Why saf/saf=con (D4/D4=D2)
Nate Hayes wrote: [in: Re: DRAFT position paper]
Arnold Neumaier wrote:
Jürgen Wolff von Gudenberg wrote:
I suggest to use D_0 (Nate) or ILL (Arnold) to only indicate really
illformed intervals
I agree with the above ...
And I still wait for someone to produce a shred of evidence that this
provides any additional benefit...
If one evaluates a function with bare input decorations D4 for every
input argument and gets D4 as the final result, it is known in my
semantics that the function is defined and continuous for all real
inputs. Thus if one performs initially a _single_ bare decoration
calculation and this results in D4, one can safely do subsequent
bare interval computations, and still knows that the results are safe
(i.e., decorated D4) whenever the input is nonempty and bounded.
Such a property may be used to optimize certain computations in
cases where the decorations are handled by software and hence slowly.
With your semantics, one cannot conclude anything from the result D4,
since it is always obtained from D4 inputs, no matter what the
function is.
I further suggest to change formula (33) to:
D_4/D_4 = D_2
because the division provides the decoration D_2 (somewhere undefined)
This is indeed what my decoration semantics does, starting from a
conceptual semantics that is independent of propagation.
...and why I don't trust it:
the division operation also provides decorations D_0, D_1, D_3 and D_4.
But if decorations are attributes of an operation evaluated over an
interval domain, then D_4/D_4 produces no decoration since there is no
interval operand and hence no evaluation of the division operation.
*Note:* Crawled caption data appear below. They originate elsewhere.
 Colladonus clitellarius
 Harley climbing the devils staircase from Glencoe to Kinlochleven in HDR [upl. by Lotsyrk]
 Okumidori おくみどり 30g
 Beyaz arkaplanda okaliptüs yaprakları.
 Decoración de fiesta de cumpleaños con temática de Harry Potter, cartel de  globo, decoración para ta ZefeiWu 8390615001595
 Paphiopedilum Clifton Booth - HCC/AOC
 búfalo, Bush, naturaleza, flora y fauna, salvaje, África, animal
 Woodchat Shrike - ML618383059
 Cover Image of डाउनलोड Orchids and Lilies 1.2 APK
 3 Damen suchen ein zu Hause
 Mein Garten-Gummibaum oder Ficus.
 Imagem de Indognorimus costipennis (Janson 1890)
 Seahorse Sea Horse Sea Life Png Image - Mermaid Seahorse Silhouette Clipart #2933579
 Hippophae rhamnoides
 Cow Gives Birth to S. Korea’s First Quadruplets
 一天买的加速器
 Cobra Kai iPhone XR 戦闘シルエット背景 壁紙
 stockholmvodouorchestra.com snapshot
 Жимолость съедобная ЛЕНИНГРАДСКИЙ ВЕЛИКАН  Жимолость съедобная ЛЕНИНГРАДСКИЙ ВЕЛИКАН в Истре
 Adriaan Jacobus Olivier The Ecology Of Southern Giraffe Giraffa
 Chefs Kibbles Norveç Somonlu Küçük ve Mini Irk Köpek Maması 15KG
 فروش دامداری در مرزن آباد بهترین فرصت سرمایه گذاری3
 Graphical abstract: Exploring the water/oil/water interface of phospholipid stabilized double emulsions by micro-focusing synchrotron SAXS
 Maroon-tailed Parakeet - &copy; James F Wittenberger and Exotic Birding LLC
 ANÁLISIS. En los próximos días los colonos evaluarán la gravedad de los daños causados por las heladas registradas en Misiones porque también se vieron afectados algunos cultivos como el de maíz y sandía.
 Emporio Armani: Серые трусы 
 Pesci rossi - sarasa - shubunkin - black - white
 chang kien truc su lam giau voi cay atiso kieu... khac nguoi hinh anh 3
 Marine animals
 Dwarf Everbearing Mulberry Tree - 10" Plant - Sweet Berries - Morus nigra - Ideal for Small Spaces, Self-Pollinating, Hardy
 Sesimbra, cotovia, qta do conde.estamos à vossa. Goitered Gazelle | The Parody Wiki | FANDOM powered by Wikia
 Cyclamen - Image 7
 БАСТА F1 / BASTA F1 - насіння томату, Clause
Indeed, this is the difference in our semantics: You make decorations a
property of single operations, while I make them a property of functions
evaluated on boxes.
Typically, the information about an application is in the functions
programmed, not in the individual operations, hence it is important that
the result decorations can be interpreted in terms of the function,
rather than in terms of how it happened to be programmed.
My choice ensures that the final decoration is not better than what one
would get if the interval had not be dropped, and hence says something
valuable about the function evaluation -- information that is lost in
your approach but is important for optimal performance in cases like
those mentioned above.
Nate Hayes wrote:
> Michel Hack wrote:
>> Arnold's scheme lumps certain conditions together that
>> Nates' distinguishes -- but I doubt ALL distinctions are made, so in
>> general operands of suspicious operations have to be inspected anyway,
>> at which point full discrimination is possible.
>>
>> So if Arnold's scheme has other advantages, they should not be discarded
>> because of this quibble between undefined, ill-defined and empty.
>
> Well, we don't see there are other advantages.
Those who care to look for them, see.
I am interested in making the standard maximally useful for the many
applications I know of, not in providing functionality that follows
some theoretical principle but hardly ever is useful.